Quanto ao Rio de Janeiro, de acordo com a pesquisa Datafolha publicada ontem - infelizmente, a mais recente disponível dado o histórico recente deste instituto de pesquisas e seus números "marretados" - teria Marcello Crivella com 37%, Cesar Maia com 32%, Lindbergh Farias com 24% e Jorge Picciani com 16%.

Seria muito importante para os setores progressistas cariocas elegerem Lindberg, representando as forças progressistas cariocas alijadas desde 1992 dos cargos majoritários - como analisei em uma série de artigos durante o mês de março último. Mas os números, embora devendo ser encarados com reservas, mostram o quão difícil é a tarefa.

Vamos ao texto.

Dez Batalhas Chave da Esquerda nas Eleições ao Senado

"1.Senado Piauí: Uma das mais auspiciosas possibilidades das Eleições 2010 é chutar Heráclito Fortes para fora do Senado. Qualquer um que saiba qualquer coisa sobre a figura entenderá a torcida entusiasmada deste blog. Típico representante da mais escrota oligarquia nordestina—que vem tendo seu domínio político solapado pelo crescimento do PT, do PSB e do lulismo na região--, Heráclito corre sério risco de ter que se candidatar a vereador ou prefeito de Teresina em 2012. Sempre lembrando que cada estado elege dois senadores este ano, os números atuais do Ibope são: Wellington Dias (PT) lidera com 42%, Mão Santa (PSC) tem 22%, Ciro Nogueira (PP) e Heráclito (DEM) pontuam nos 14% cada um e Antonio José Medeiros (PT) tem 5%. Independente das discussões acerca do “voto útil”, ou sobre se Medeiros pode crescer e brigar pela segunda vaga (o segundo candidato do PT ao Senado chegou a marcar 14% em outra pesquisa, a 180 Graus/Jales), o Biscoito endossa a corrente pra trás contra Heráclito.
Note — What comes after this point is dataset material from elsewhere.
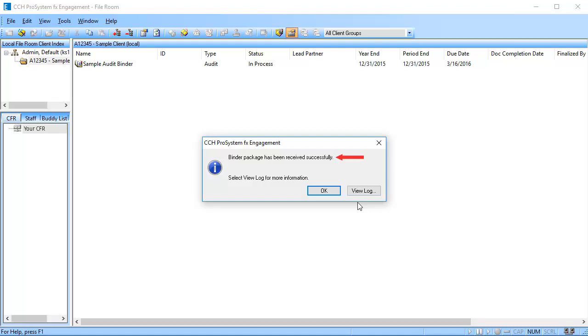A dialog displays telling you your binder package has been successfully received. Click OK to close or click to view the logs.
2.Senado Amazonas: O números atuais do Ibope para o Senado no Amazonas são: ex-governador Eduardo Braga (PMDB) 86%, atual senador "Artur Neto” (PSDB) 43% e deputada federal Vanessa Grazziotin (PC do B) 33%. Vanessa é antiga militante dos movimentos populares no Amazonas, sua campanha vem crescendo, e há 18% de eleitores que só citaram um candidato ao Senado na pesquisa Ibope (além dos 7% de indecisos). Arthur Virgílio foi humilhado na última eleição majoritária no Amazonas (ficou na casa dos 5%) e o blog aposta que ele vai perder a vaguinha no Senado. Além do fato óbvio de que Vanessa está comprometida com o projeto popular de crescimento com distribuição de renda do governo Lula, aqui há o dado adicional de que os tucanos ficam muito mal colocados na discussão sobre a Zona Franca. Sem dúvida, seria bem emblemático eleger uma mulher feminista e comunista para tirar a vaga do senador que gosta de ameaçar bater em presidente da república (ameaça tão típica do machismo nosso de cada dia). Arthur Virgílio é a personificação do atraso e este blog coloca qualquer modesto recurso que possa ter à disposição da campanha de Vanessa Grazziotin (PC do B). Eu conheço a trajetória da candidata e endosso com entusiasmo.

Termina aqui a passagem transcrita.